Paracelso: ignorado por la prohibición

23 JUN 2014 - 10:08 CET

La política de fiscalización de drogas, iniciada a principios del siglo XX con el impulso solitario de EEUU, e impuesta al planeta con las Convenciones de Naciones Unidas de 1961, 1971 y 1998, se ha caracterizado por su fracaso: cada vez hay más drogas, más baratas, más disponibles y más peligrosas y su consumo crece sin freno. Además, la prohibición planetaria de las drogas se ha desarrollado desconociendo tres enfoques básicos: el de derechos humanos, el de salud pública y el de evidencia científica.

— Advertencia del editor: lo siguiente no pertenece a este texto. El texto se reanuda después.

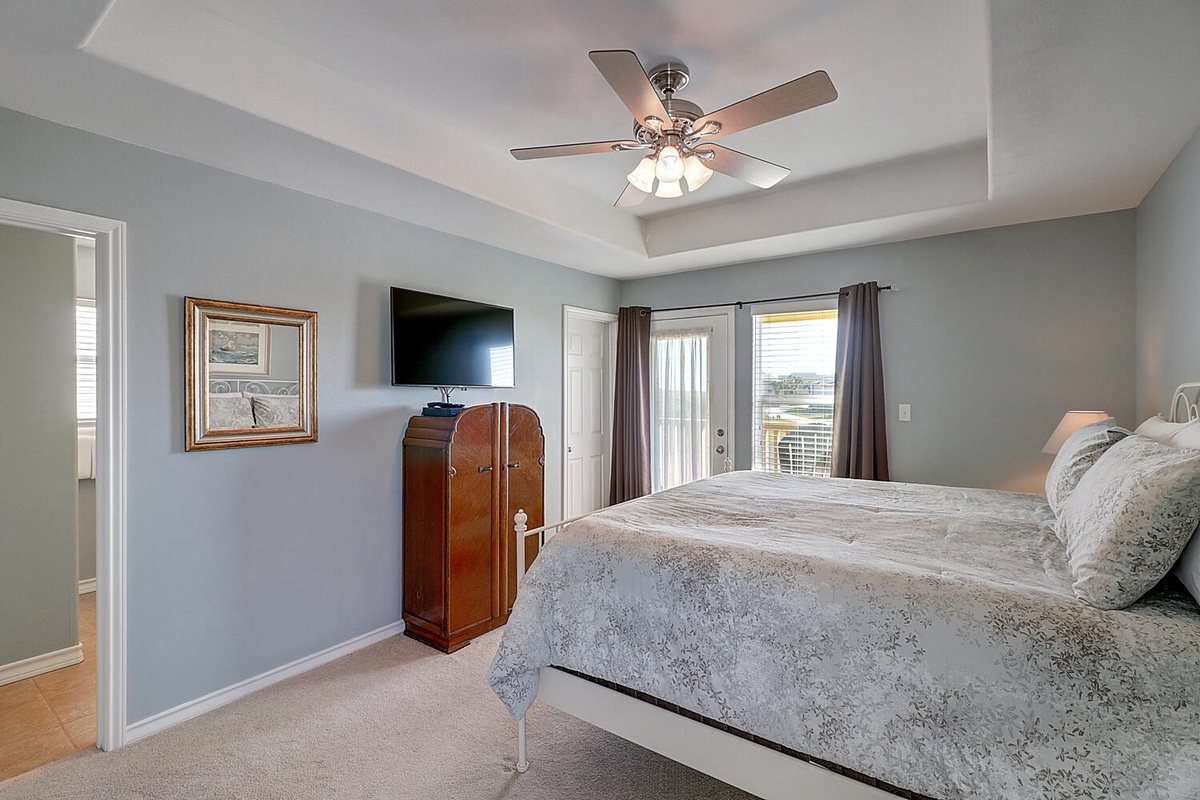 Relax in your peaceful bedroom with soft gray walls, vintage armoire, and gentle ceiling fan keeping you cool all night.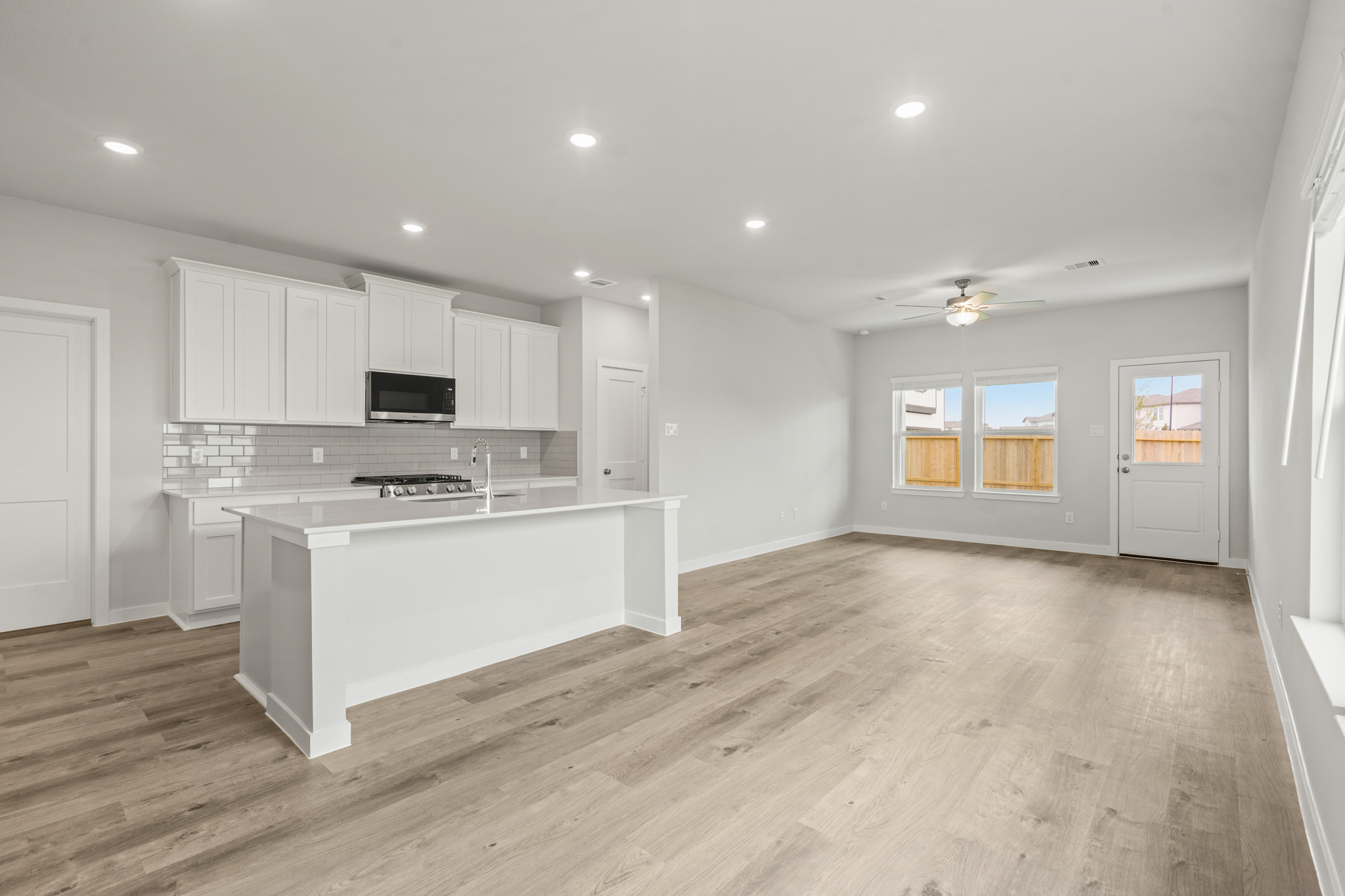 A kitchen with white cabinets.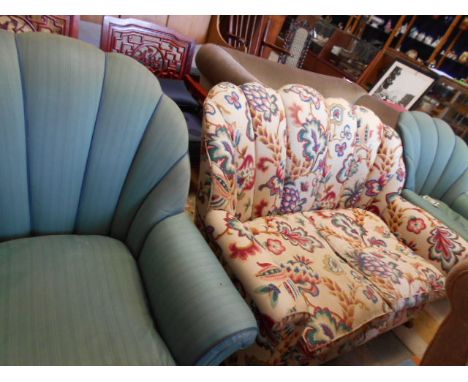 An Art Deco three-piece suite comprising a two-seater sofa and two chairs, each with shell shaped backs, scrolling arms and s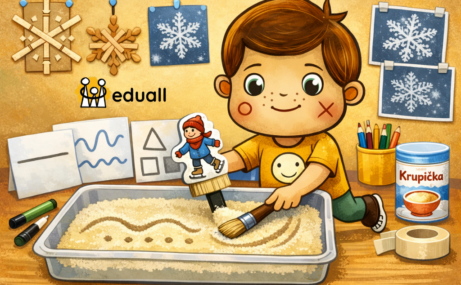 Edáček ve třídě mateřské školy kreslí do krupice pomocí štětce a bruslaře, zimní grafomotorická aktivita pro děti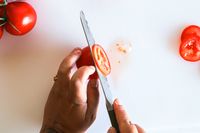 Hands slicing a tomato with a Material knife on a white surface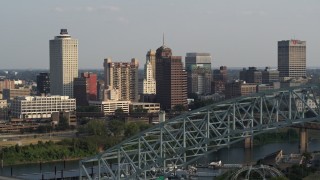 DX0002_185_021 - 5.7K aerial stock footage of the skyline seen while flying by the bridge at sunset, Downtown Memphis, Tennessee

En lo que se refiere al último enfoque -el que preconiza que las decisiones tengan en cuenta los conocimientos científicos y el saber empírico- el desprecio es absoluto. La prohibición ha decidido que hay sustancias permitidas porque se consideran un alimento (el vino), un tónico (el café), un divertimento (el tabaco) o una medicina beneficiosa (los barbitúricos), mientras que otras –las drogas incluidas en los Tratados de fiscalización- han de prohibirse porque son dañinas siempre y en todo caso y no tienen ningún efecto beneficioso. Y bajo este paradigma acientífico se concluye que la hoja de coca es una droga, lo que no es en absoluto cierto, y que el cannabis es igual de peligroso que la heroína y que no tiene ninguna utilidad terapéutica, siendo falsas las dos cosas.

Se olvida con lo anterior el paradigma del “phármacon”, término griego ambivalente  que significa “droga”, o sea,  una sustancia que comprende a la vez la curación y mal,  el veneno y el antídoto, no una cosa o la otra, sino las dos a la vez. Homero, en la Odisea nos da cuenta de esa ambivalencia cuando explica que Helena de Troya, la hija de Zeus, conocía ciertas drogas producidas en las tierras fecundas de Egipto “cuyas mezclas sin fin son mortales las unas, las otras saludables”.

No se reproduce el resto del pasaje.